Jérémy et Marie, graphistes web, sont, eux aussi, des habitués des manifestations. Tous deux confient prendre de nouvelles précautions. "J'ai essayé de mettre la tenue la plus neutre possible, sans noir, pour qu'on ne me confonde pas avec un 'black bloc'. On serre bien le cortège, on évite d'aller dans des rues adjacentes, pour ne pas se retrouver seuls ou en petits groupes face à la police", explique Marie, 34 ans. "On a appris le numéro de l'un et de l'autre par cœur et on a une liste d'avocats à contacter, au cas où on irait en garde à vue", ajoute Jérémy.
"Le fait que Gérald Darmanin nie les violences policières crée un sentiment d'injustice encore plus fort. On ressent de la colère depuis quelques jours."

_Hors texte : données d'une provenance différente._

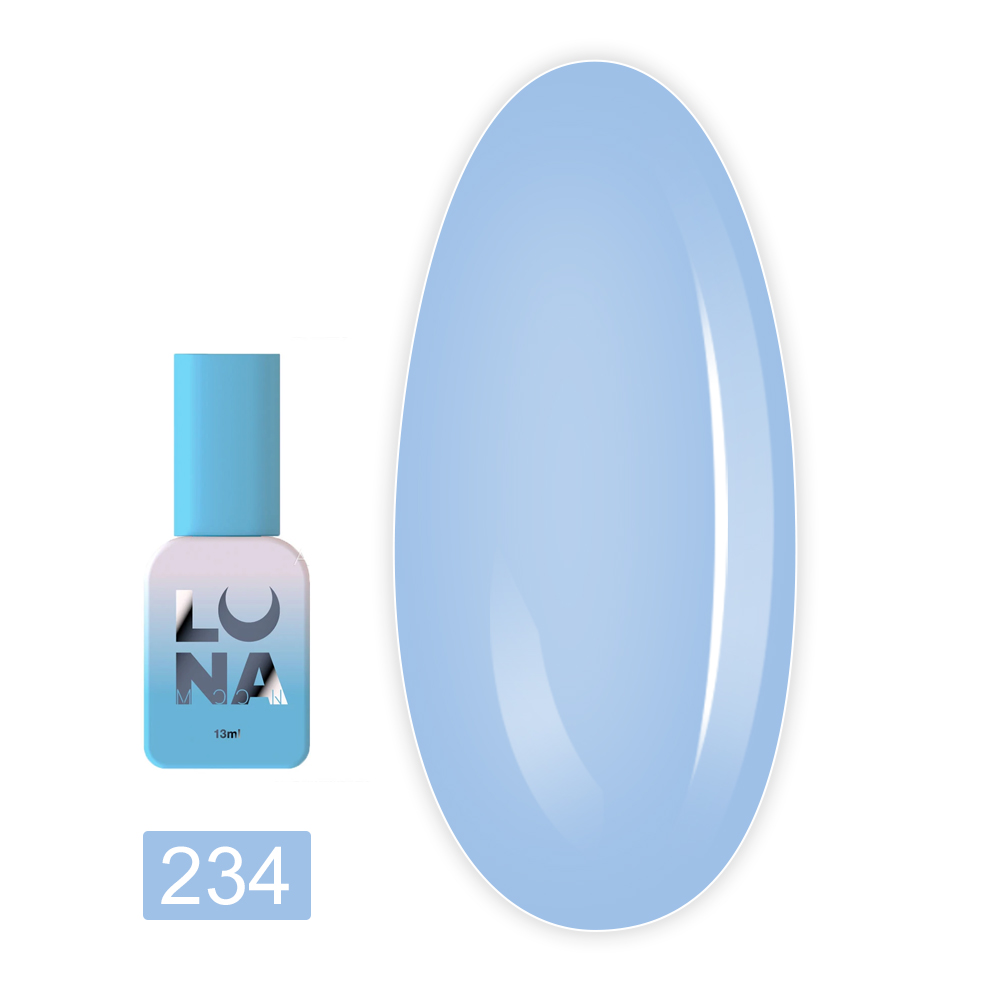 LunaMoon Гель-лак для нігтів LunaMoon 13 мл (Color 234)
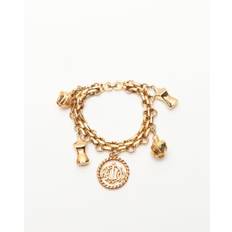 Christian Dior Gold Charm Bracelet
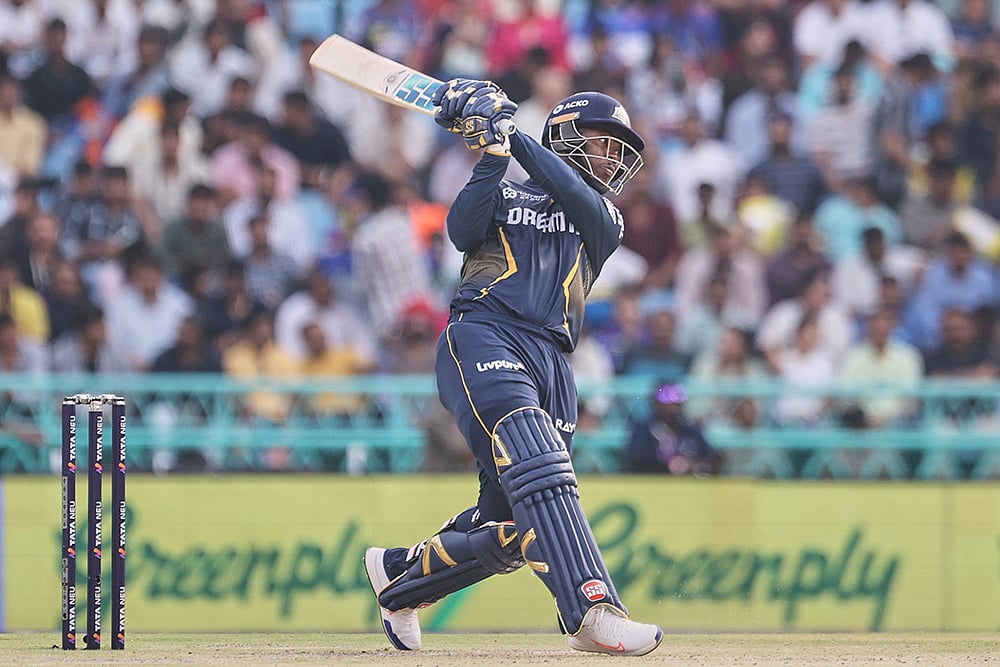Indian Premier League 2025 IPL Cricket LSG vs GT: Sherfane Rutherford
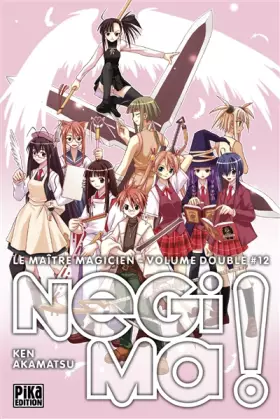 Couverture du produit · Negima ! Le Maître Magicien T23 & T24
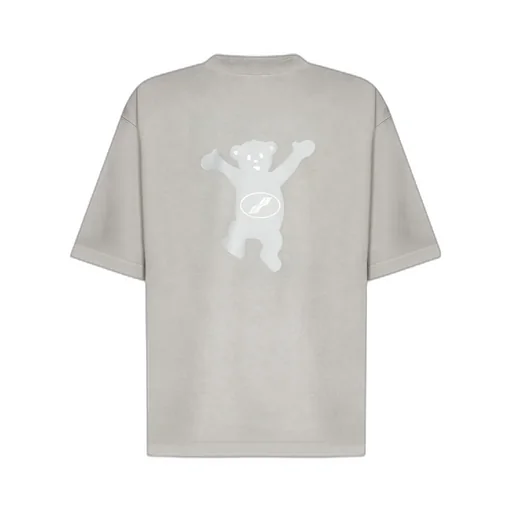 Logo Print Cotton T-Shirt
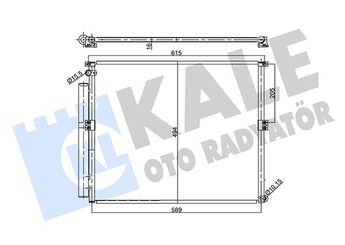 Klima Radyatörü  KALE 357935  8846135160 88461-35160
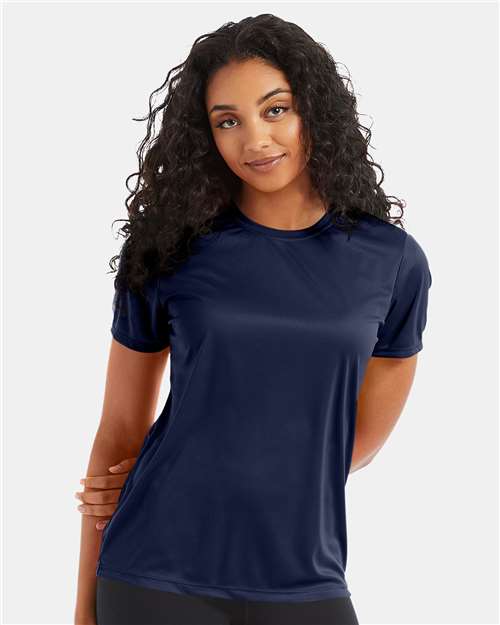Navy Cool DRI® Women&#39;s Performance T-Shirt - 4830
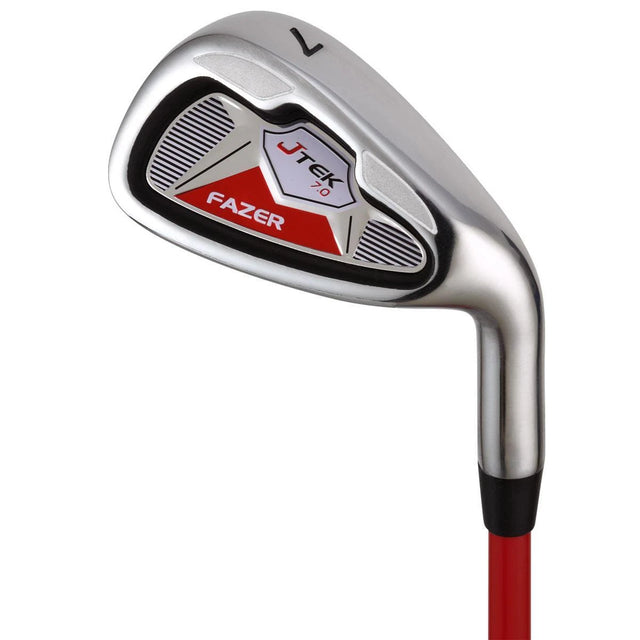 Fazer Junior J TEK 7.0 Age 9-11 Golf Package Set With Golf Stand Bag - Left Hand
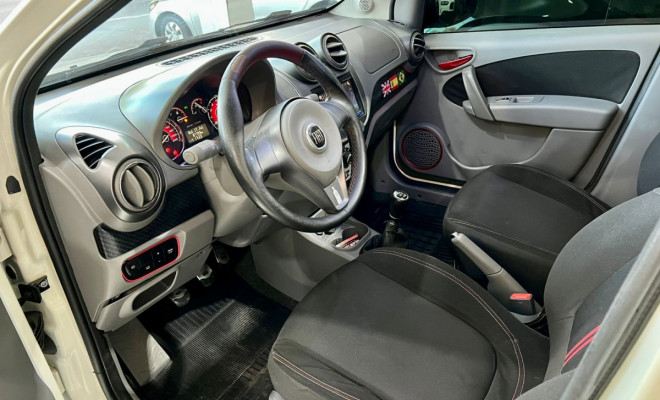 Fiat Palio SPORTING 1.6 Flex 16V 5p 2013 Flex-7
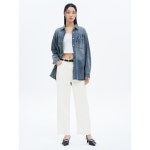 에잇세컨즈 피그먼트 밴딩 스트레이트 데님 355321LP40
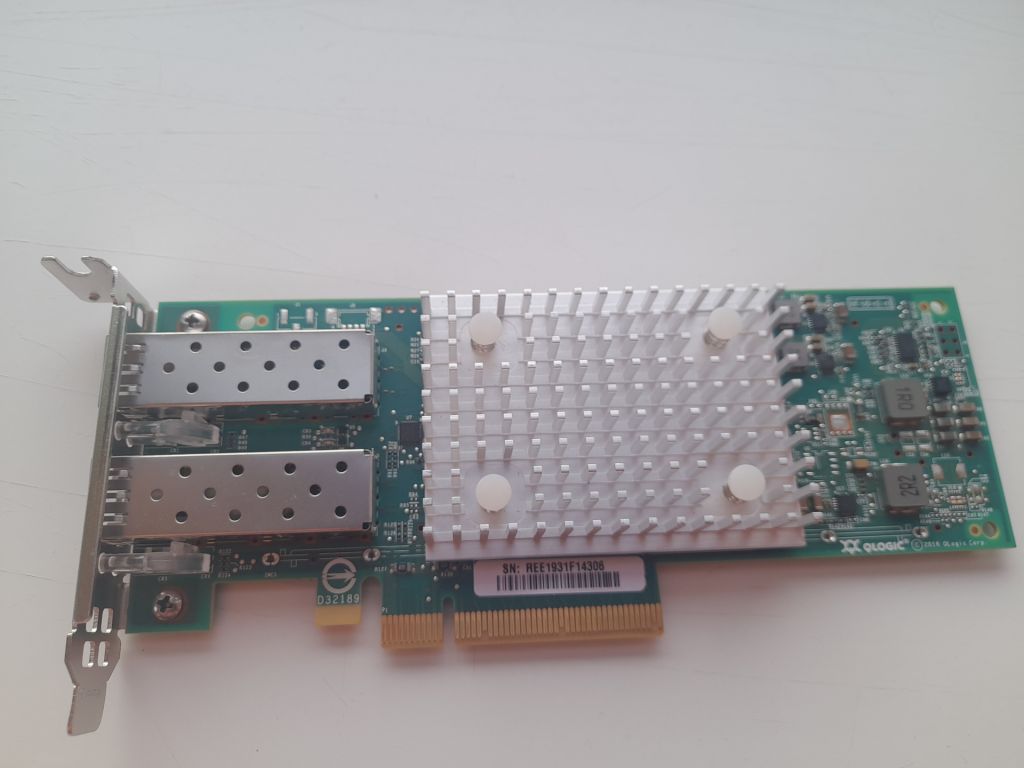 Мережевий 10G Ethernet Adapter Qlogic QL41112 SFP+ PCIe - фото фото фото 0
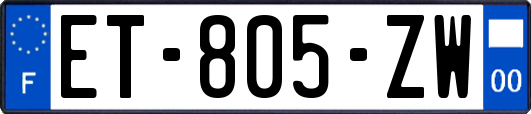 ET-805-ZW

Jérémy, 32 ans, graphisteà franceinfo
Pour d'autres manifestants, la peur des débordements, du côté des black blocs comme des policiers, prend une place beaucoup trop importante dans les médias. C'est l'avis d'un petit groupe d'étudiants de l'université Paris-8, à Saint-Denis, croisés place Voltaire, dans le 11e arrondissement, à la moitié du parcours. "On ne parle pas assez du mouvement des étudiants : c'est incroyable ce qu'il se passe. Toutes les facs se mobilisent, même celles qu'on n'entend pas d'habitude, comme Assas ou Dauphine. Il y a une alliance qui se forme et on en parle beaucoup moins que des arrestations de manifestants", lance India, 18 ans.
Ezéchiel, 19 ans, se souvient tout de même d'avoir eu peur de la police, une fois. "C'était pendant la manifestation qui arrivait à Invalides [le 31 janvier]. Ils avaient chargé très rapidement, on n'avait rien eu le temps de faire." A côté de lui, Martin relativise. "Oui, il y a eu des débordements. Mais dans l'ensemble, tout se passe bien". Il regrette qu'il y ait "une diabolisation des manifs" alimentée, dit-il, "par les médias". "Quand je discute avec des gens qui n'y sont jamais allés, ils ont l'impression que c'est un cauchemar, qu'ils peuvent se faire taper dessus à tout moment par un flic", observe le jeune homme, qui compte bien continuer à se mobiliser. "Hors de question qu'on laisse la peur prendre le dessus."